Upton offers the most upside of any free agent outfielder because of his combination of youth, speed, power, range and arm strength. He’ll enter the final year of this contract in 2017 at age-32, which is the age Nick Swisher, Josh Hamilton, Angel Pagan and Shane Victorino, the other key free agent outfielders, will play at next season.
Upton is a five-tool player that has failed to live up to the lofty expectations of being the number two pick of the draft a decade ago and being ranked as the game’s number two prospect back in 2004.
In his first full season in the big leagues in 2007 he hit .300/.386/.508 with 24 homers and 22 steals, but he’s failed to match that level of offensive production in the five years since.
His batting average and on-base percentage have nose-dived since that breakout campaign. He’s become more aggressive at the plate, swinging at the first pitch as often as just about anyone in the game. His hacking at the plate has caused his walk rate to plummet from 15 percent in 2008 down to 7 percent last season, while his strikeout rate has shot up from 21 percent in 2008 to close to 27 percent last year.
If Upton could improve his walk and strikeout rates back to the levels he displayed in 2008, he could be an MVP-candidate because of his speed and positional value. He’s stolen at least 30 bases in each of the last four seasons while also being an asset on the bases by being able to score from first on doubles.

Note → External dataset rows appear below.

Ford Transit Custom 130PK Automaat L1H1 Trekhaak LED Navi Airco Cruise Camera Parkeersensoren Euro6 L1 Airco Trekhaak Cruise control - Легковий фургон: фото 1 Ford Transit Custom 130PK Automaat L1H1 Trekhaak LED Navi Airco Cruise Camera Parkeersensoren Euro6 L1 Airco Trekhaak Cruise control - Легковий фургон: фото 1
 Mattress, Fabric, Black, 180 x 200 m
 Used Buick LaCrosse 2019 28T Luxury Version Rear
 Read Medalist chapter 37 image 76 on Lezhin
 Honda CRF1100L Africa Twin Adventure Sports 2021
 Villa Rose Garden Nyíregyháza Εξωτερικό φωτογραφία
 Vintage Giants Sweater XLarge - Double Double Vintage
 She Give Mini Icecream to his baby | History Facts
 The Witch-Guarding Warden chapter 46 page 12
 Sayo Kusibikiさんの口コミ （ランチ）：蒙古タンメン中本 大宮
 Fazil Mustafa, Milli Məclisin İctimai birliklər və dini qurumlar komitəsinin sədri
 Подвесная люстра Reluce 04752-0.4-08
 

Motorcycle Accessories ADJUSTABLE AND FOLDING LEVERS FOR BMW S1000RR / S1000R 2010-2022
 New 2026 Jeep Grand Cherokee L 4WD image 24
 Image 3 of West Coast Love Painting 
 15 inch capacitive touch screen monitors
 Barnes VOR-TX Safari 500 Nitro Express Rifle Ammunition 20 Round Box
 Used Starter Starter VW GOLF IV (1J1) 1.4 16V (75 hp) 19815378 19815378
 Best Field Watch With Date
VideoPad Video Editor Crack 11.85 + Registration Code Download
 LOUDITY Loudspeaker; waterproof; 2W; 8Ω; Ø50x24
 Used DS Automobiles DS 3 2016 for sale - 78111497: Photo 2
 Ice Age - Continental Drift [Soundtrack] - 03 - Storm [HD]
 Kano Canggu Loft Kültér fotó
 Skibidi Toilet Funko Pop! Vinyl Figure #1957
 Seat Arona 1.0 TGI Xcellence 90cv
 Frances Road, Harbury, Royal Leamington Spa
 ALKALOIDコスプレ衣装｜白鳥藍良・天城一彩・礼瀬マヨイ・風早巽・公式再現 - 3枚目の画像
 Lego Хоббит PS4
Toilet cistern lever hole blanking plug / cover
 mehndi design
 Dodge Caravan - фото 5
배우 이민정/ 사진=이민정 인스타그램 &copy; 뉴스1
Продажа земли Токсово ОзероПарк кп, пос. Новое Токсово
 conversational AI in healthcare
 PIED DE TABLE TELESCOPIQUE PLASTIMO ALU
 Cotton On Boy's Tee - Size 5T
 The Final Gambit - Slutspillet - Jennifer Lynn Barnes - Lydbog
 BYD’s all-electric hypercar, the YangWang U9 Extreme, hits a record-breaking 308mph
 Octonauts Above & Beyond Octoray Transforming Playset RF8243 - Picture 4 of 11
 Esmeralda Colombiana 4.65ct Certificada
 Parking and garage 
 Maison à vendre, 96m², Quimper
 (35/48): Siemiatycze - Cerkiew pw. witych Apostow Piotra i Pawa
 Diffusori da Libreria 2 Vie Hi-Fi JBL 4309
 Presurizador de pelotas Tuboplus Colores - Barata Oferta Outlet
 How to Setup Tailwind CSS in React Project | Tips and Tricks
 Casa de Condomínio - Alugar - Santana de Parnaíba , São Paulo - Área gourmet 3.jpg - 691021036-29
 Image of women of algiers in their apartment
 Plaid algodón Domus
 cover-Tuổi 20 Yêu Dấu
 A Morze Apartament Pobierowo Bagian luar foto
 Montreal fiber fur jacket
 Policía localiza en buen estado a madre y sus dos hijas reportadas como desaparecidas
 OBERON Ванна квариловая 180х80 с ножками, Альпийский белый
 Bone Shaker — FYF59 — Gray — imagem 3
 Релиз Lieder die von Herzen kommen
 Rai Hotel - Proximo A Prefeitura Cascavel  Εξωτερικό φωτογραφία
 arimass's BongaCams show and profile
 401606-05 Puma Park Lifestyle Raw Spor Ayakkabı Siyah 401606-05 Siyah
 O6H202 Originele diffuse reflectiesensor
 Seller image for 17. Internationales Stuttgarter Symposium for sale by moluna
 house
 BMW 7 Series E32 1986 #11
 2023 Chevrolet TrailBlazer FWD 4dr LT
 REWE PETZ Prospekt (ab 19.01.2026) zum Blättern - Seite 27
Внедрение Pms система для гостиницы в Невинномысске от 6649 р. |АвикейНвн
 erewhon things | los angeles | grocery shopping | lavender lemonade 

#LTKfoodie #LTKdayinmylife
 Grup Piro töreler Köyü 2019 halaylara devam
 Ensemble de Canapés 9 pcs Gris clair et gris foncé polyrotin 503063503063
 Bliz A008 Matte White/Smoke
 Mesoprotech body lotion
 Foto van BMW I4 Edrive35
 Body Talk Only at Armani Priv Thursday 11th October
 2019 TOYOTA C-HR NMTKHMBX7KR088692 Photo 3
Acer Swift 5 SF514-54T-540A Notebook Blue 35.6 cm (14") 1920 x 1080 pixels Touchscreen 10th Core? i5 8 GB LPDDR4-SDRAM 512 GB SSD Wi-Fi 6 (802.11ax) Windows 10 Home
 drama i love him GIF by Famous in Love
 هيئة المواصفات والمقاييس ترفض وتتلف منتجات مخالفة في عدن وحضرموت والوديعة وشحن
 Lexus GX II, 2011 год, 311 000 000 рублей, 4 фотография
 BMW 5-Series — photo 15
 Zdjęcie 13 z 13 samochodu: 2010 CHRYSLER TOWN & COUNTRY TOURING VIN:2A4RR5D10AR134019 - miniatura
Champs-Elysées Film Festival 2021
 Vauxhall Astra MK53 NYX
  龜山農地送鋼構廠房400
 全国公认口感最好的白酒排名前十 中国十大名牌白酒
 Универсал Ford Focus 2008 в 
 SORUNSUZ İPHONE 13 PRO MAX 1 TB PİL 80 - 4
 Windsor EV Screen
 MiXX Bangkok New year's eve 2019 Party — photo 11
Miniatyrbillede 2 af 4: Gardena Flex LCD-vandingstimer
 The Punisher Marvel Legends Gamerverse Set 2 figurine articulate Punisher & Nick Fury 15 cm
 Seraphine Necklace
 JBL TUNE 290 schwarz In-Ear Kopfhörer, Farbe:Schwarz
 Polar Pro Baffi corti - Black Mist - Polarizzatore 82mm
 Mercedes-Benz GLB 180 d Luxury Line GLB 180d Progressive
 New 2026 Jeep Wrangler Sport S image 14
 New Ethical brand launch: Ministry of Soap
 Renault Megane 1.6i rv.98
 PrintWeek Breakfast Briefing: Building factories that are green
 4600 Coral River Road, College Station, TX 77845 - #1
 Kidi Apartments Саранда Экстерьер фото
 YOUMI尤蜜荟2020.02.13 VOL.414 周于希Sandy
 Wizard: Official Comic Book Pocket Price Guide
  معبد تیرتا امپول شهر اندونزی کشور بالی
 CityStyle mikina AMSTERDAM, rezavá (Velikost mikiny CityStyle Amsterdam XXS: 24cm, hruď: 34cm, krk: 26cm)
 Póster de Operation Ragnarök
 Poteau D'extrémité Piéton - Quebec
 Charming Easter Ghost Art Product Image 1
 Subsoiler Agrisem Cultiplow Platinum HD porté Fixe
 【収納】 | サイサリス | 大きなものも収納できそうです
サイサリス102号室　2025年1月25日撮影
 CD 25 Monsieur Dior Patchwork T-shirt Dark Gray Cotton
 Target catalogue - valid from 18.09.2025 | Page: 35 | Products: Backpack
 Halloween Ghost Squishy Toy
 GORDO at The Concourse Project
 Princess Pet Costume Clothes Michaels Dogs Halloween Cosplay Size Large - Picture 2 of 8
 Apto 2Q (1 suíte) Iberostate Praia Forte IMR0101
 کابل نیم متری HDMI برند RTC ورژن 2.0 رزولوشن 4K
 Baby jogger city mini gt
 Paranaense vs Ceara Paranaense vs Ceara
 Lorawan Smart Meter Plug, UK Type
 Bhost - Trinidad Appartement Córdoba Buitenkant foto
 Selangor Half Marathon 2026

Upton ranked as a below average defender last season according to all of the advanced defensive metrics, but Ultimate Zone Rating (UZR) and Fielding Runs Above Average (FRAA) had him as above average in 2010 and 2011. Defensive Runs Saved (DRS) ranked him as below average in 2011 and 2012, and atrocious in 2010:
Since we lack clearly reliable defensive metrics, it’s extremely difficult to quantify Upton’s defense. It’s also difficult to project his offense going forward given the overall potential he showed earlier in his career compared to the high-power, low-contact, low-walk profile he’s displayed over the past few seasons.
At 28, Upton still has a chance to put it all together at the plate, on the bases and in the field. However, just because he’s young doesn’t mean that he’s going to automatically improve during this contract.
I like the gamble for the Braves, especially given his youth compared to the alternatives on the free agent market. In addition to youth being on his side, getting out of pitcher-friendly Tropicana Field and the more challenging American League East division should help Upton as well.
He has all the tools to be a star, but the further into the past that 2007 season gets, the more likely it becomes that this is as good as it gets for B.J. Upton. It’s a good package, just not the great one the Braves might hope they are getting.